--- Material supplied Enclosed Below ---
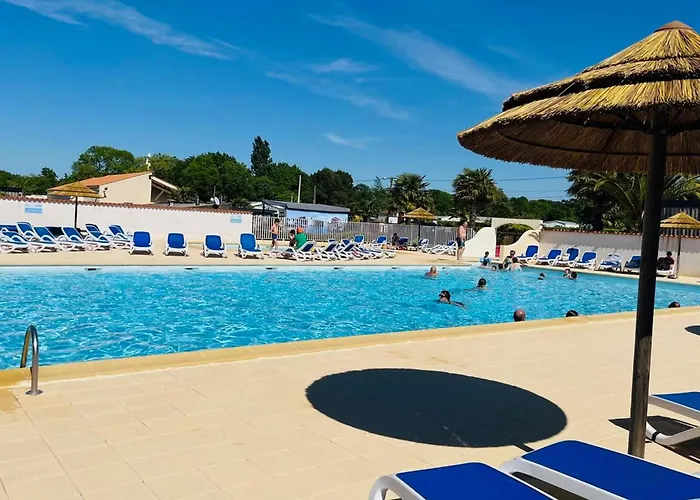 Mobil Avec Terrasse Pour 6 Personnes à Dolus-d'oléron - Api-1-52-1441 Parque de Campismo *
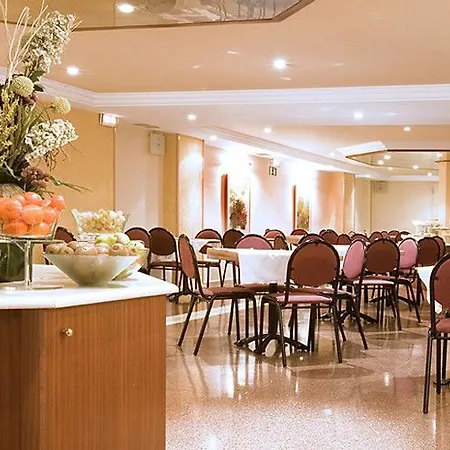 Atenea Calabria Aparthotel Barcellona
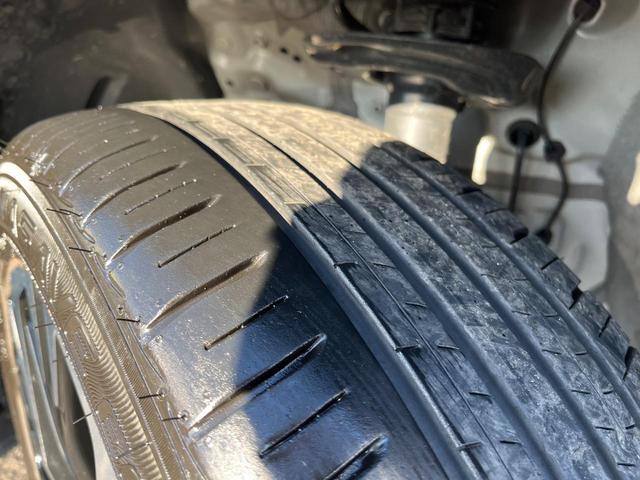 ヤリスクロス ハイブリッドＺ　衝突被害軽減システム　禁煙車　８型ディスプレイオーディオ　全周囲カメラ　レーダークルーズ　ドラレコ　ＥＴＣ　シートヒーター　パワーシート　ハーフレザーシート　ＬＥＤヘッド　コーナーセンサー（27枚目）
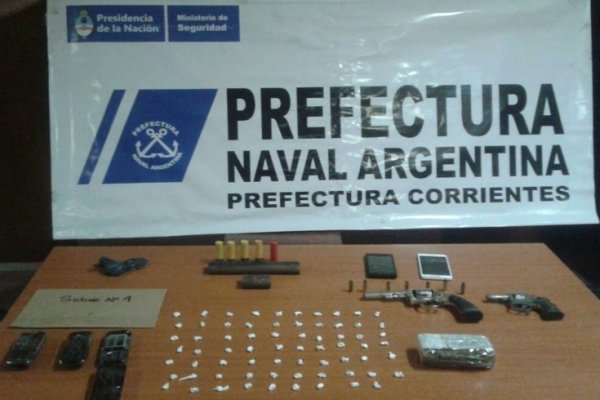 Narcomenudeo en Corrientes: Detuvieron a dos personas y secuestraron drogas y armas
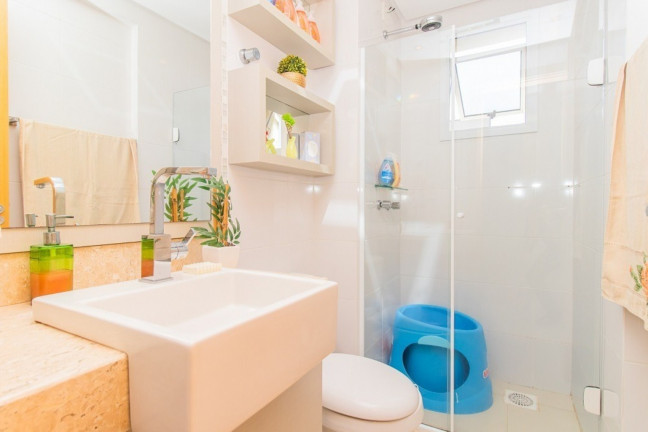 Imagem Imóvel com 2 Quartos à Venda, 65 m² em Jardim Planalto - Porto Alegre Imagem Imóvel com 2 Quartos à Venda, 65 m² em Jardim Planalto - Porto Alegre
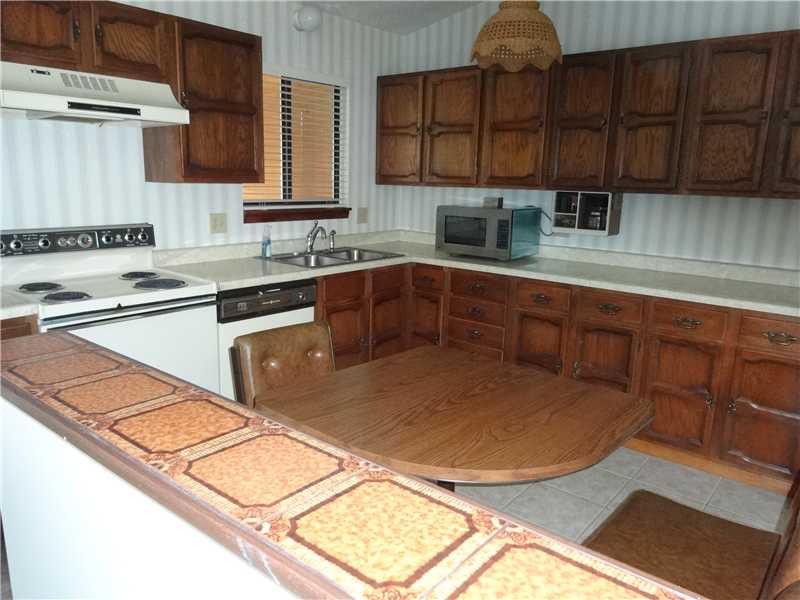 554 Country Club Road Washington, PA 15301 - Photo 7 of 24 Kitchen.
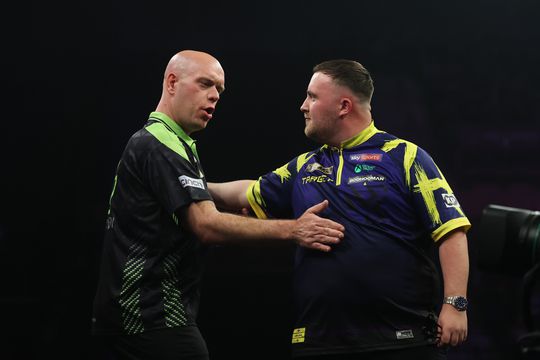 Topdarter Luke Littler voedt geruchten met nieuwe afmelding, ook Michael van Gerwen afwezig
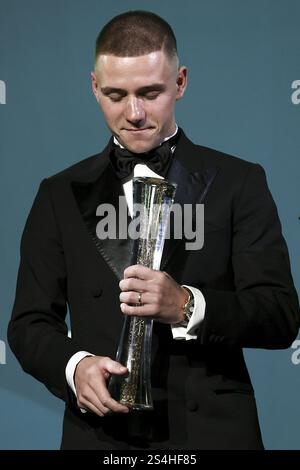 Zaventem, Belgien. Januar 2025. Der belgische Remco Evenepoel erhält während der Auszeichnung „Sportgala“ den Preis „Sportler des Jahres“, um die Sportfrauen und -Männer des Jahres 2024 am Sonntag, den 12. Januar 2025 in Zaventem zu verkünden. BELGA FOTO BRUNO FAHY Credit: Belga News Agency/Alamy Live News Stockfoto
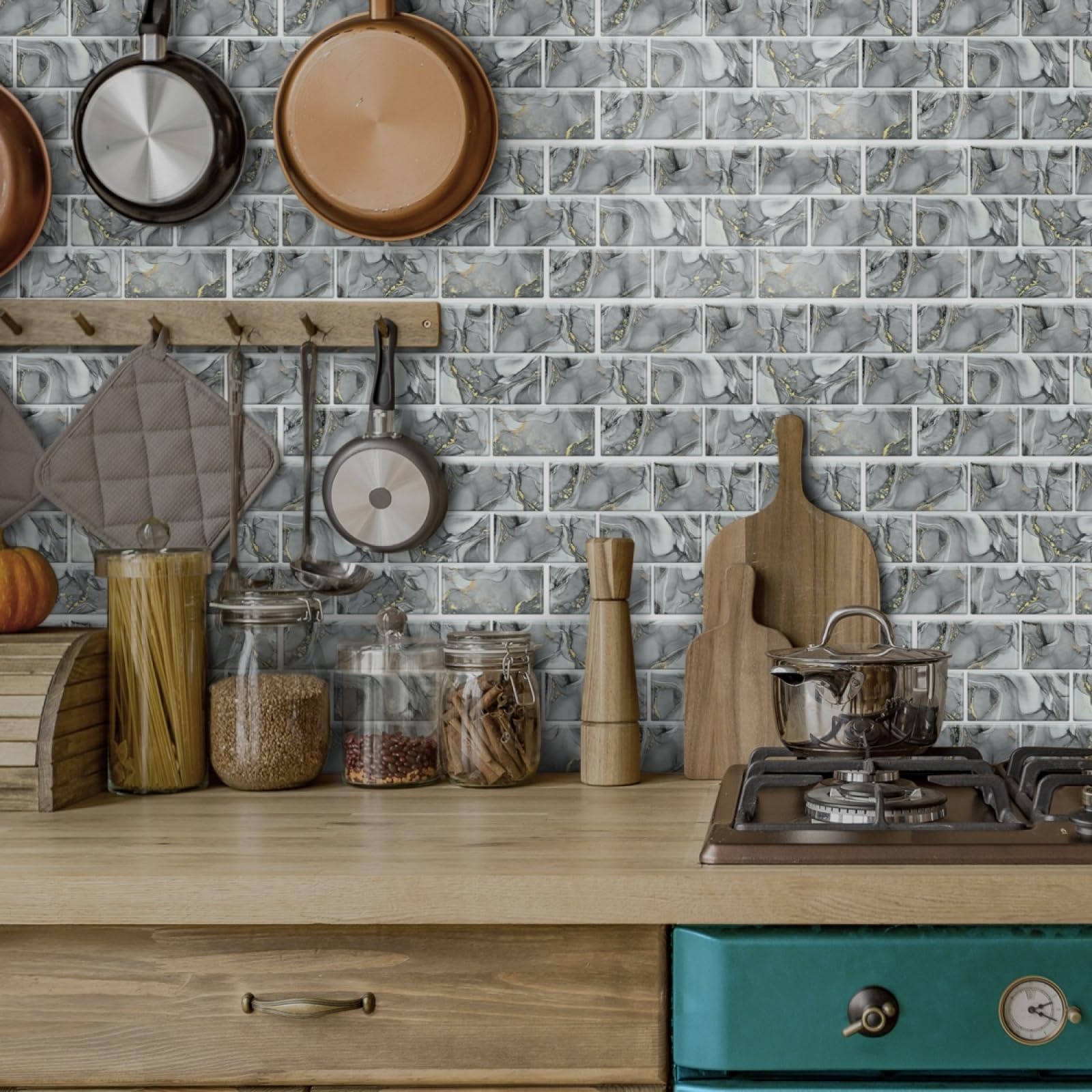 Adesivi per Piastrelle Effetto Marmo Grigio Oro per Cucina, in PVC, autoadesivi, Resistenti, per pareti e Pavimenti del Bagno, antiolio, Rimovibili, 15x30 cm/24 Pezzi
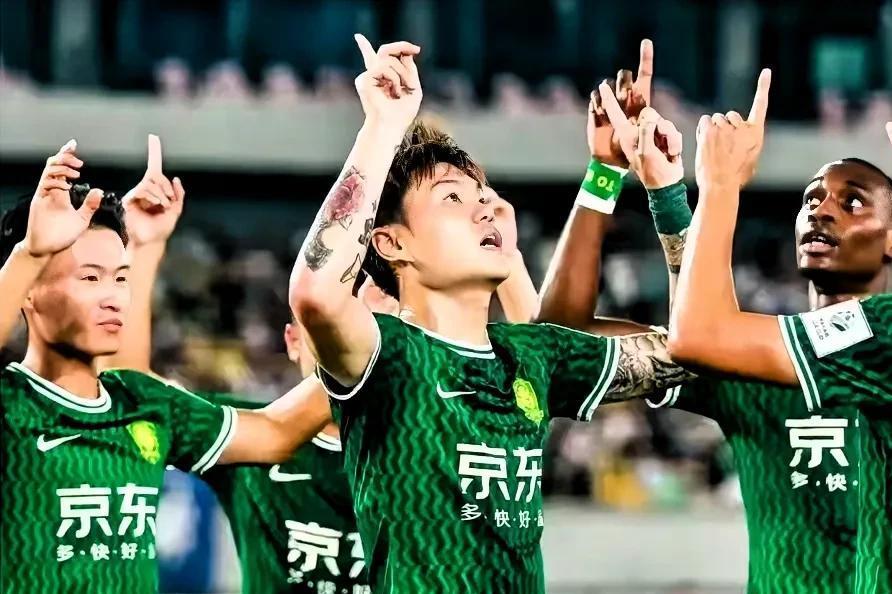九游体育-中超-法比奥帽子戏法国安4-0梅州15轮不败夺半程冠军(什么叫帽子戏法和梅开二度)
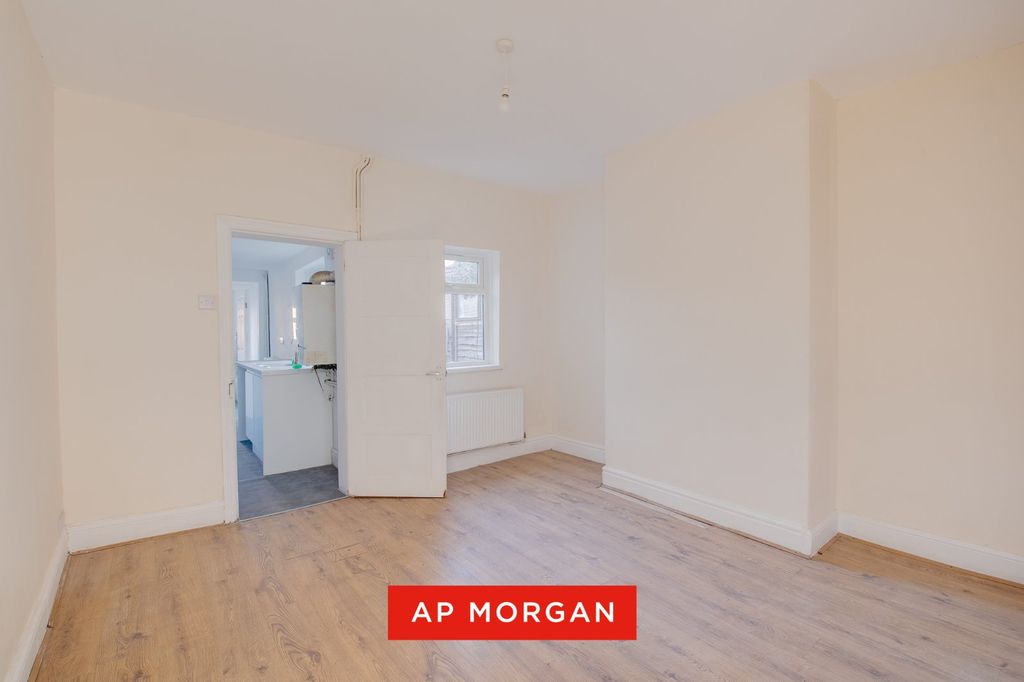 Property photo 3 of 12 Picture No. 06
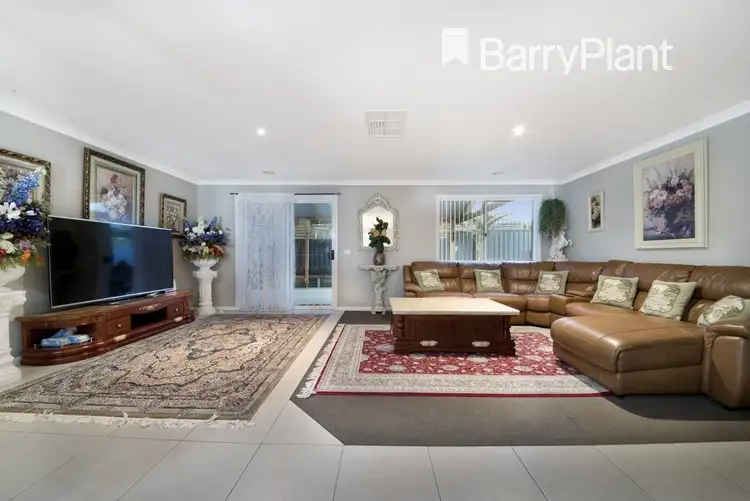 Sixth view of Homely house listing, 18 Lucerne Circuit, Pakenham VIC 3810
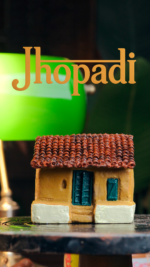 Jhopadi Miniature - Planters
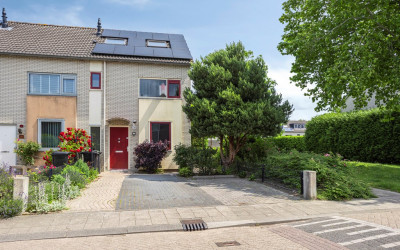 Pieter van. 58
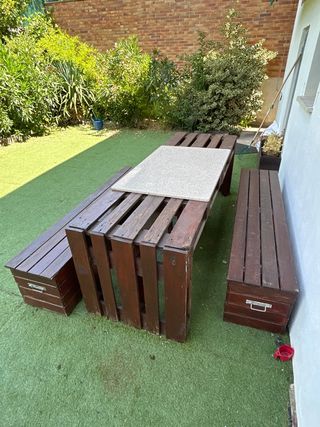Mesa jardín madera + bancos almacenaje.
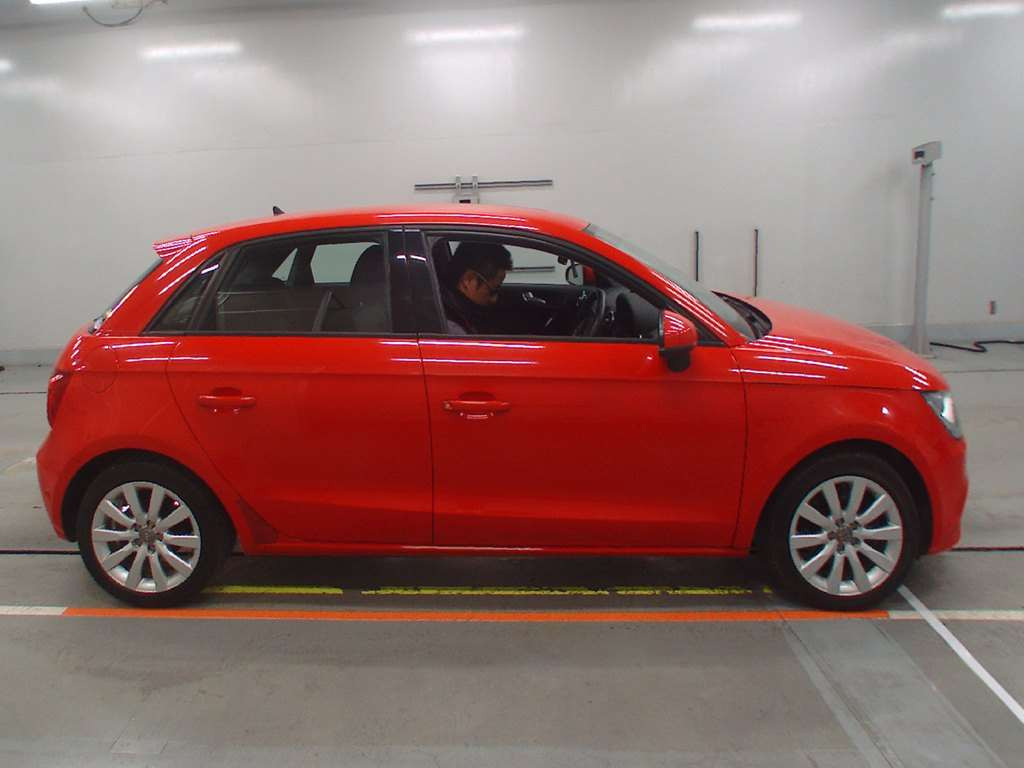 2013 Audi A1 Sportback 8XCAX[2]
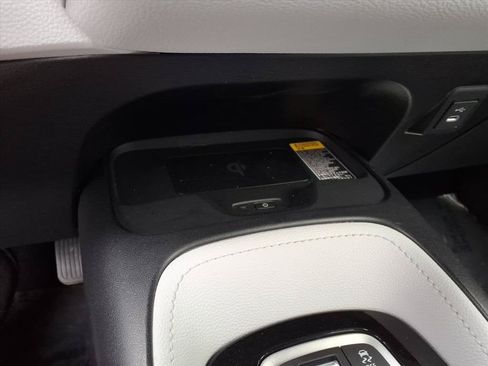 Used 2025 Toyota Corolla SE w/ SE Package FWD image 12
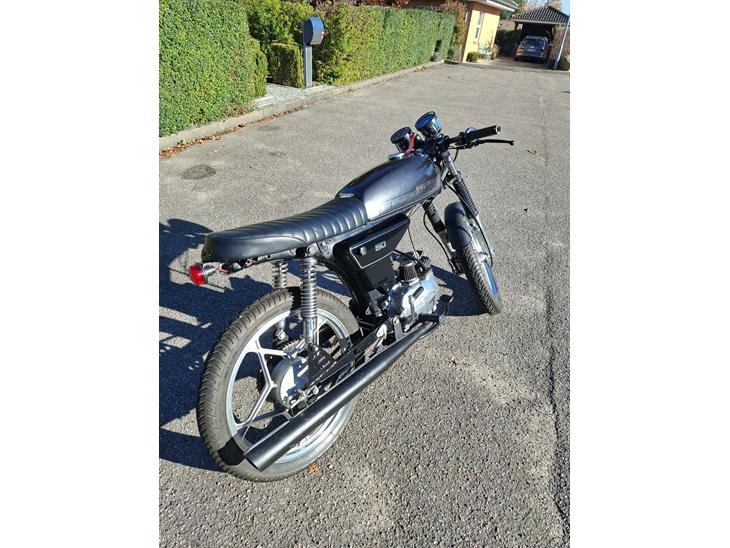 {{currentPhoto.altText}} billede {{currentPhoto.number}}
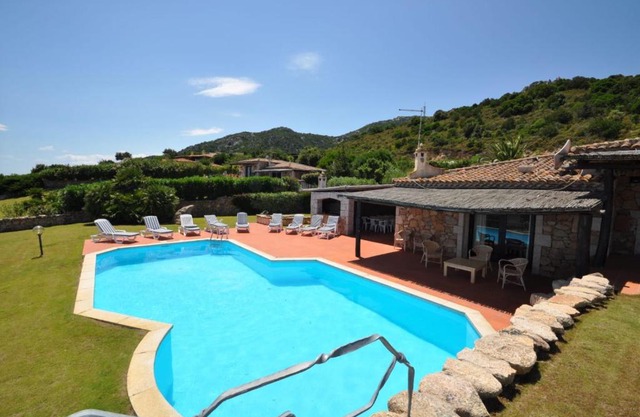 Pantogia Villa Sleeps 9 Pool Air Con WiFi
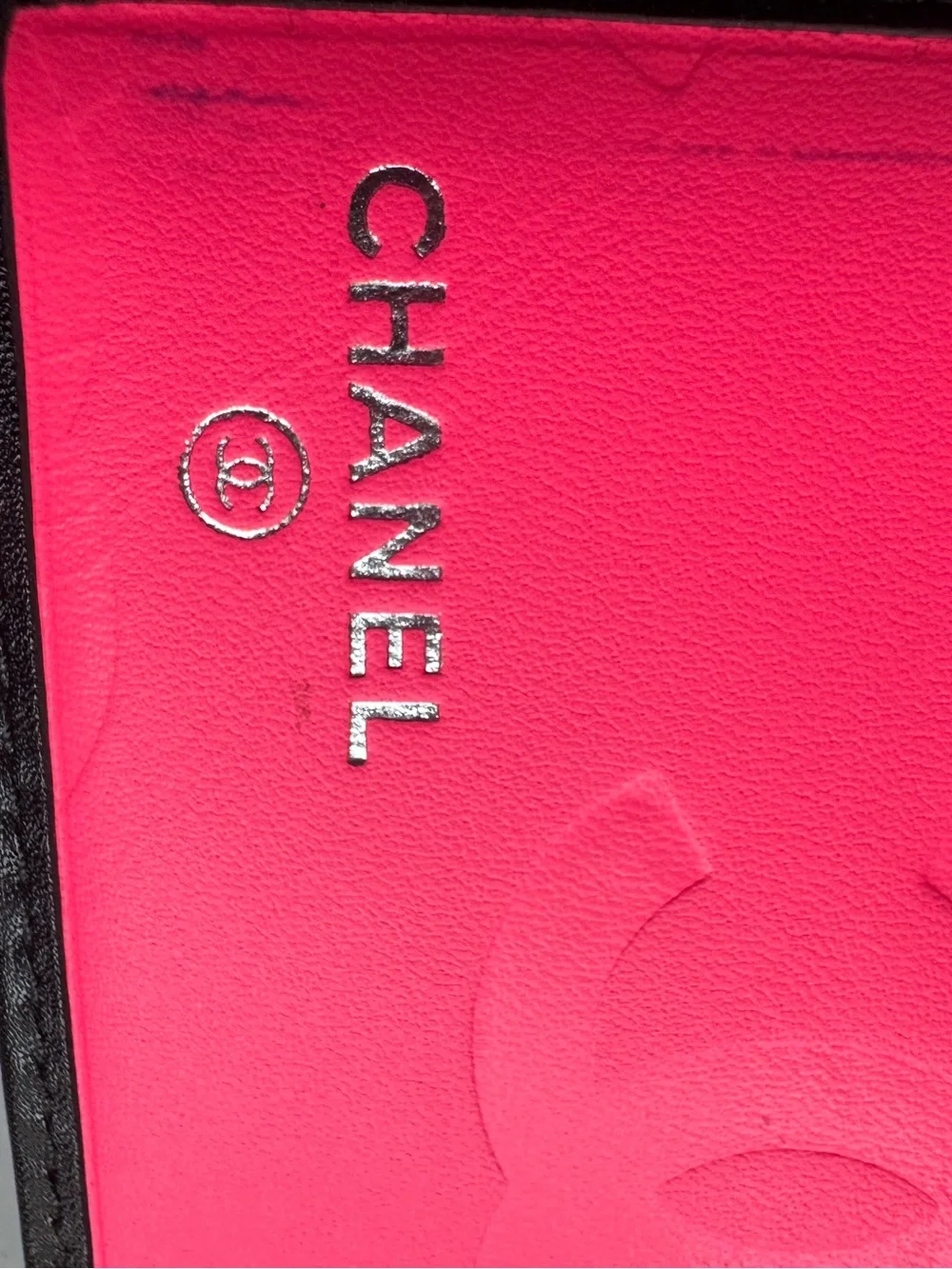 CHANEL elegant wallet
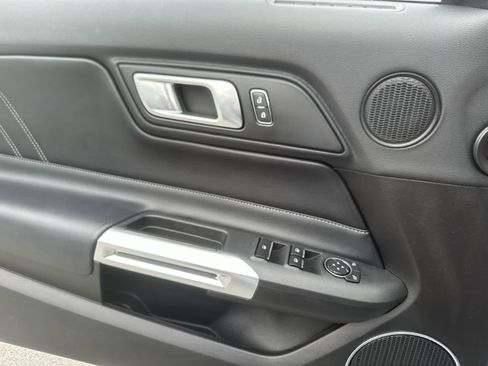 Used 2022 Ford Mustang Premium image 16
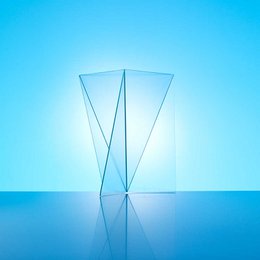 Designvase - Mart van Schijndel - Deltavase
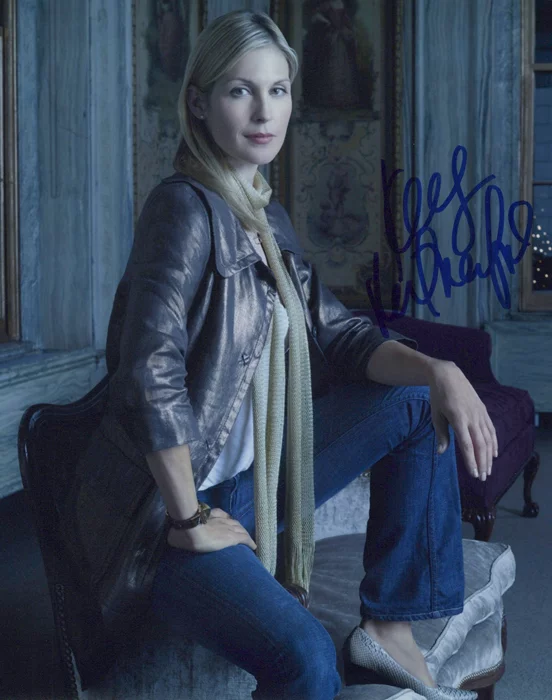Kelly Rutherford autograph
--- End of Enclosed Material supplied ---
## Your instructions
Every line from the top of the records above to the line with "Narcomenudeo en Corrientes: Detuvieron", inclusive, should be duplicated exactly, minus the pictures.

## Solution
 Mobil Avec Terrasse Pour 6 Personnes à Dolus-d'oléron - Api-1-52-1441 Parque de Campismo *
 Atenea Calabria Aparthotel Barcellona
 ヤリスクロス ハイブリッドＺ　衝突被害軽減システム　禁煙車　８型ディスプレイオーディオ　全周囲カメラ　レーダークルーズ　ドラレコ　ＥＴＣ　シートヒーター　パワーシート　ハーフレザーシート　ＬＥＤヘッド　コーナーセンサー（27枚目）
 Narcomenudeo en Corrientes: Detuvieron a dos personas y secuestraron drogas y armas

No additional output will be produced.